Therefore, the Full Bench decision is not one which can be relied on by the petitioners to hold that since the guidelines laid down therein had not been followed, the entire selection process must be quashed. Further, when a specific submission was made by the learned Additional Advocate General that the State had to follow the statutory rules under Article 309, the Full Bench categorically said that they are not concerned with that question.

14.In the present case, even the materials seem to indicate that all the members of the Association have registered themselves in the employment exchange. If so, their grievance that the recruitment was made only through employment exchange lacks strength. If a complaint had come from an aspirant who has not registered himself with the Employment Exchange, then the contention that there should have been a public notice calling for applications may be reasonable. But, in this case, no such objection can be raised.
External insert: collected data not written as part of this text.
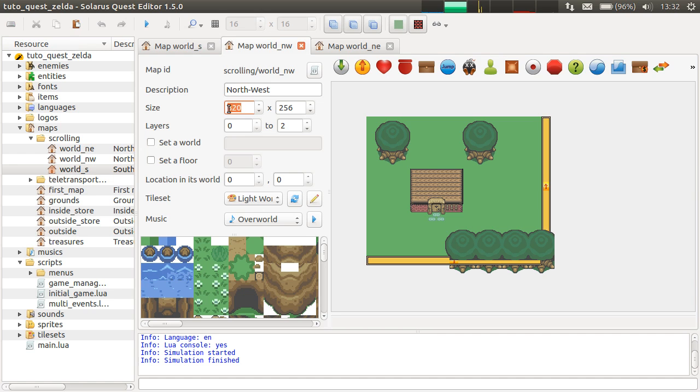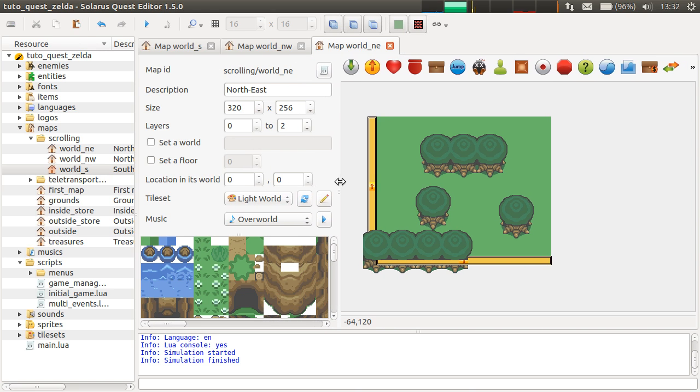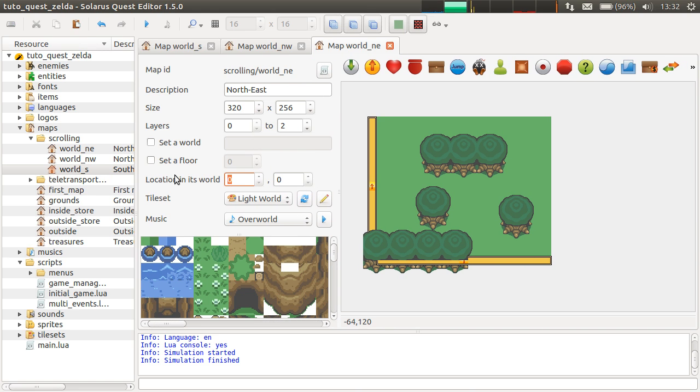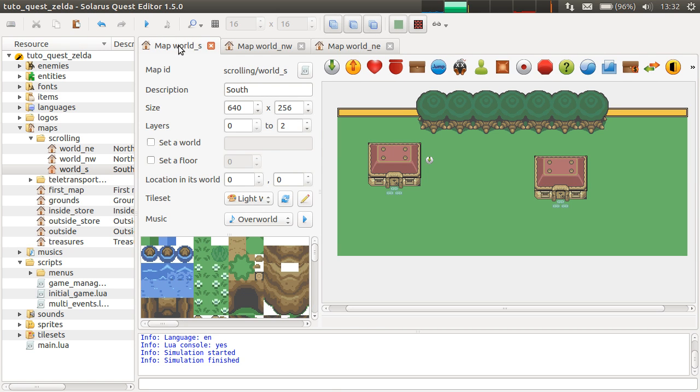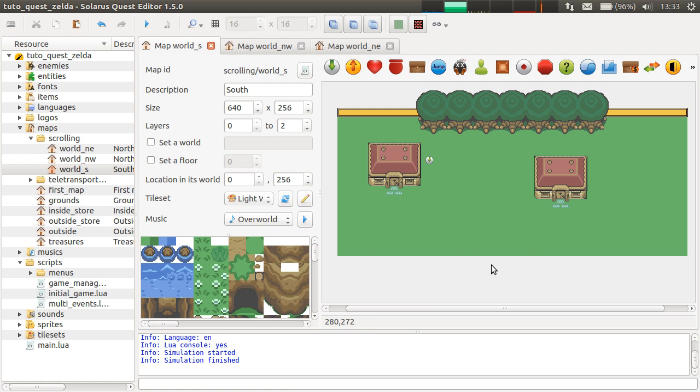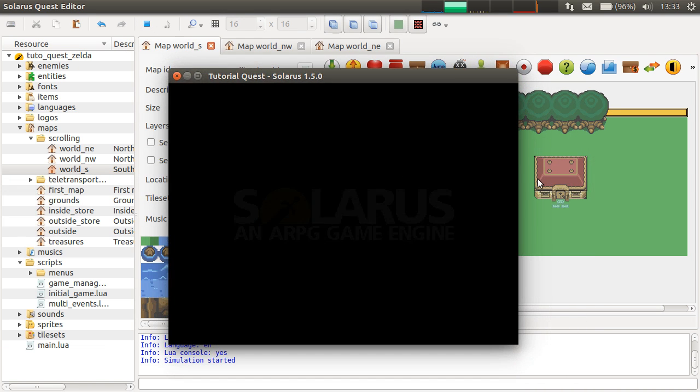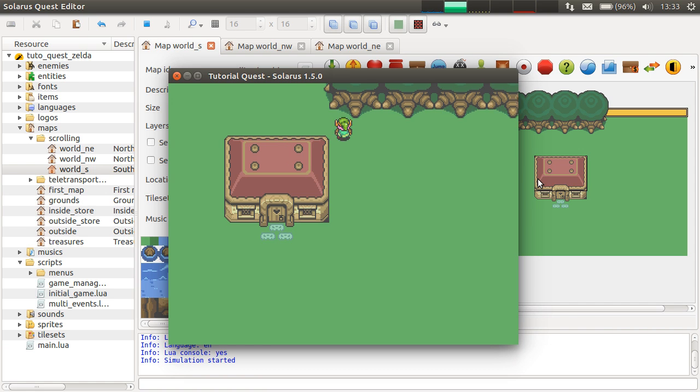Since its size is 320, this one will be at location 320. Save. And the south map will be 0, 256. And that's it. It should work now.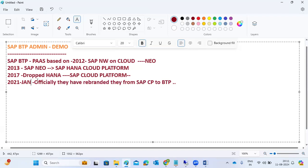In 2021 SAP introduced a new and powerful solution called the BTP - Business Technology Platform. BTP is the technical foundation for the entire SAP ecosystem and plays a very critical role for all customers and partners. If you observe the market today, having BTP skills on your resume means your resume is getting shortlisted.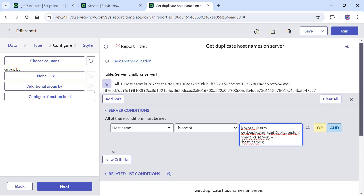Running the report shows the first two servers with host name 'abc' — those are the duplicate host names. Similarly, the next two servers show 'xyz' as duplicate host names. We can reuse this script include for a different table, such as the incident table or routers and computer tables, to find duplicates there as well. This is a very easy way to find all duplicates in a particular table on a specific column. You can also add this report to a dashboard for a specific user.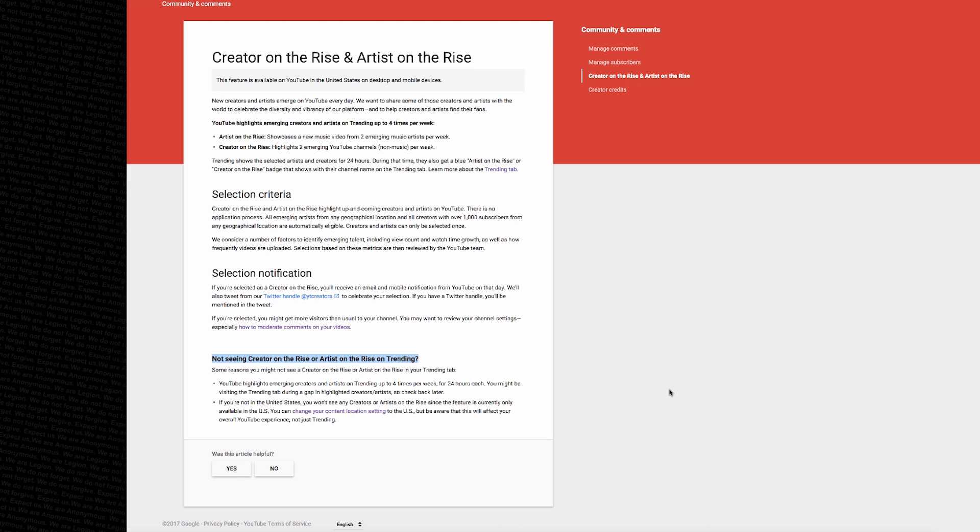Or you're not located in the United States. If you're located outside of the U.S., then you won't see this feature. However, you can change your content location settings, but that will affect your overall YouTube experience.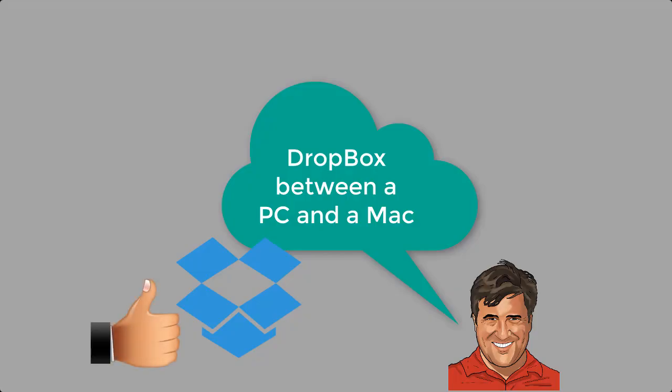Because Dropbox is my favorite cloud program, let's take a look at sharing files with Dropbox between a PC and a Mac.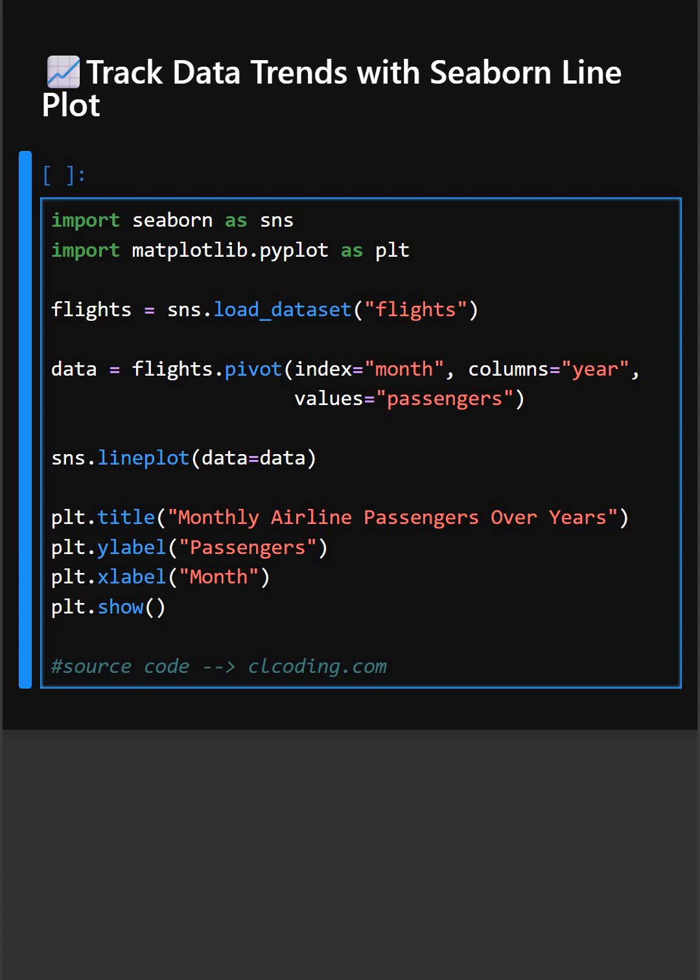Do you want to show how values change over time or across categories? With Seaborn's line plot, you can build smooth and stunning trend graphs in just one line.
Further, the Rules themselves would show the recruitment could have been done only through Employment Exchange.

15.The Special Rules pertaining to Tamil Nadu Agricultural Extension Subordinate Service are identical to the Rule 10-A of the General Rules for Tamilnadu State and Subordinate Service and they provide that where the recruitment to posts which are outside the purview of the Tamil Nadu Public Service Commission, recruitment shall be made only by calling for names of eligible candidates from the Employment Exchange.(emphasis supplied). The Rule also provides in respect of specialised posts where no candidates are available with the Employment Exchange, the appointment authority should obtain a certificate of non-availability from the Employment Exchange and advertisement should be made in prominent daily newspapers giving the number of vacancies and indicating the qualifications, etc. Therefore, normal recruitment is made by calling for names from Employment Exchange. Publication in prominent daily newspapers is provided only when the candidates required for specialised posts are not available in Employment Exchange. The Rule regarding recruitment provides that it would be made subject to the rule of reservation of posts by "subjecting the candidates to an oral interview and, if necessary, a short written test which can be evaluated in a short time." (emphasis supplied). Therefore, it is clear, in this case, the respondents did not commit any illegality in calling for the names of eligible candidates from the Employment Exchange. The Rule does not provide for advertisement in prominent daily newspapers. The respondents did not commit any illegality by conducting only an oral interview. The written test is not mandatory. It is only where it is considered to be necessary. It has been stated by the learned Advocate General that since more than 3500 candidates participated, the Government decided having a written test shall not be required, since it could not be evaluated in short time. We do not think this decision suffers from any infirmity. After all, the rule only provides for oral interview.

16.The petitioner had enclosed the call letter which was issued in 1991 selection, which shows that the candidate was asked to appear for the interview and that he should be ready to write a written test. In the counter, it is averred and the learned Advocate General also stated that in fact no written test was conducted and in the present case since there were thousands of candidates, it was felt that it was not necessary to conduct a written test. Therefore, this ground that because written tests were not conducted, the entire selection process would be vitiated cannot be accepted.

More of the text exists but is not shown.